School of Computing and Information Systems The University of Melbourne
COMP90049 Introduction to Machine Learning (Semester 1, 2022) Week 12
1. Given the following univariate dataset, calculate a statistical model based on the assumption that your data is coming from a normal distribution. Determine whether the instance x=1.2 is anomalous or not if we use the boxplot test?

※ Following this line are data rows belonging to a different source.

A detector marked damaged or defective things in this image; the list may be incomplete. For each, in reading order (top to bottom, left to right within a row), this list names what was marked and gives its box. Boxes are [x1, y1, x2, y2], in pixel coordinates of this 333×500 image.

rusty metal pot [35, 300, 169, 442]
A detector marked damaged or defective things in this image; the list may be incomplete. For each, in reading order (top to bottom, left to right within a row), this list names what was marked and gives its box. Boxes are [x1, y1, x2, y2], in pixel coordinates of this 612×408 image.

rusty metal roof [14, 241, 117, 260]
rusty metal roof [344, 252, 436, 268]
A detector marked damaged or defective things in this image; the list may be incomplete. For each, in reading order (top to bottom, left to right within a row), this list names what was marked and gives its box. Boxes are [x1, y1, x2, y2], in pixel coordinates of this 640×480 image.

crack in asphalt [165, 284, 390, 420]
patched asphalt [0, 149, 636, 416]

X = {2, 2.5, 2.6, 3, 3.1, 3.2, 3.4, 3.7, 4, 4.1,4.8}
Copyright By PowCoder代写 加微信 powcoder
2. Giventhefollowingunivariatedataset,determinetheoutlierscoreforinstances(x=0.5)and(x=4) using the Inverse Relative density using 2-NN (Manhattan distance) strategy.
Dataset = {1,1.05, 1.1, 1.15, 1.2, 1.21, 1.3, 1.4, 1.45, 1.5, 4.55, 5.6, 6.8, 7.58, 8.6, 9.7, 10.3, 11.4, 12.3,13.5}
3. We have dataset containing demographic and income data from United States in 1994. We want to judge the fairness of a classifier we have trained on it. The data set consists of about 48,000 individuals, where each instance X is characterized through a range of 14 demographic attributes (gender, origin, education, race, occupation, etc.). The target variable Y is the income of the person (>50K or <=50K). Assume we selected gender as our protected attribute. We trained our classifier and observed the following outcomes. The label y=1 means “income >50K”, and y=0 means “income <=50K.

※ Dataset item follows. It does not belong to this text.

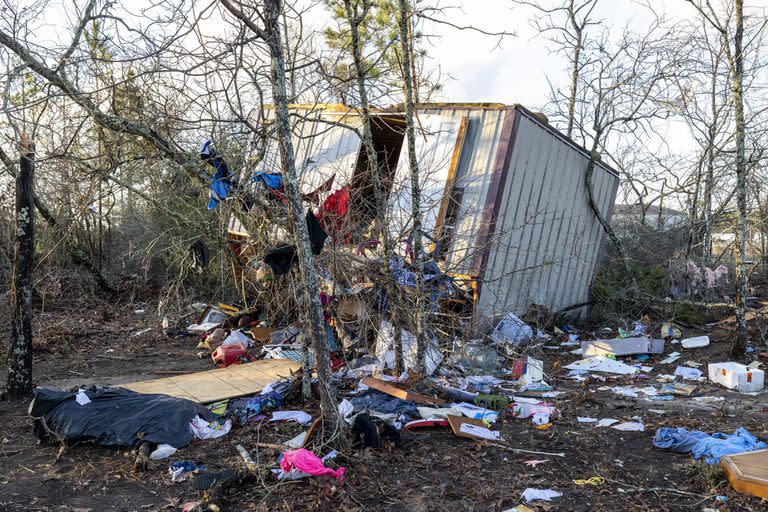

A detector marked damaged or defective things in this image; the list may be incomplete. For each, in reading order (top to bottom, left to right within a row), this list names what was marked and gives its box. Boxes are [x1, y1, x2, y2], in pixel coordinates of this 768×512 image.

P(ŷ=1|A=f) P(ŷ=1|A=m) P(ŷ=1|Y=1, A=f) P(ŷ=1|Y=1, A=m) P(Y=1|ŷ=1, A=f) P(Y=1|ŷ=1, A=m) P(Y=1|ŷ=1) P(ŷ=1| Y=1) 0.81 0.75 0.80 0.86 0.73 0.74 0.74 0.85
(i). (ii).
Name each of the statistics and provide a formula for its measurement. Be sure you understand the intuition / connection behind the statistical notion and its metric.
For each of the following criteria, decide whether the classifier meets this criterion.

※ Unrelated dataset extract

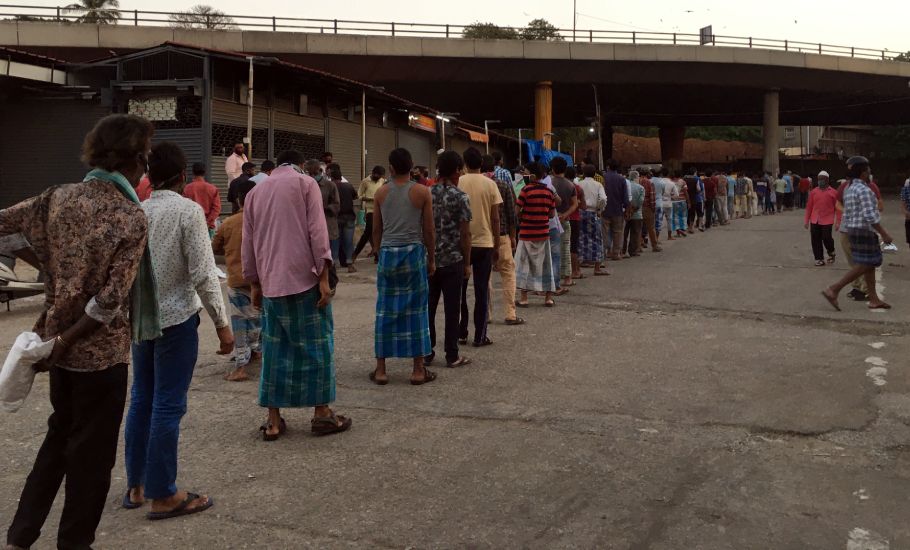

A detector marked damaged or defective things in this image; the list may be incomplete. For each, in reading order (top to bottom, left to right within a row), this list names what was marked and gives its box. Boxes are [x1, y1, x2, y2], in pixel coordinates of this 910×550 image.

cracked pavement [1, 204, 910, 550]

a) Group Fairness (Demographic parity)
b) Equal opportunity
c) Predictive parity
4. AcommonmetricforassessingclassifierfairnessistheGAPinscoresachievedacrossgroups.If we choose true positive rate (TPR) as our score of interest, we will check the classifier for “equal opportunity”. If we choose positive predictive value as score of interest, we test our classifier for “predictive parity”. Verify your observations in question 2 using (a) max-GAP and (b) avg-GAP. When would avg-GAP be preferred, and when max-GAP?
5. For our classifier above, we reported that 𝑇𝑃𝑅𝑓=0.8, 𝑇𝑃𝑅𝑚=0.86 and TPR=0.85 (cf. Columns 3, 4 and 8 in the table). How do you think TPR was computed, and what does it tell us about the data?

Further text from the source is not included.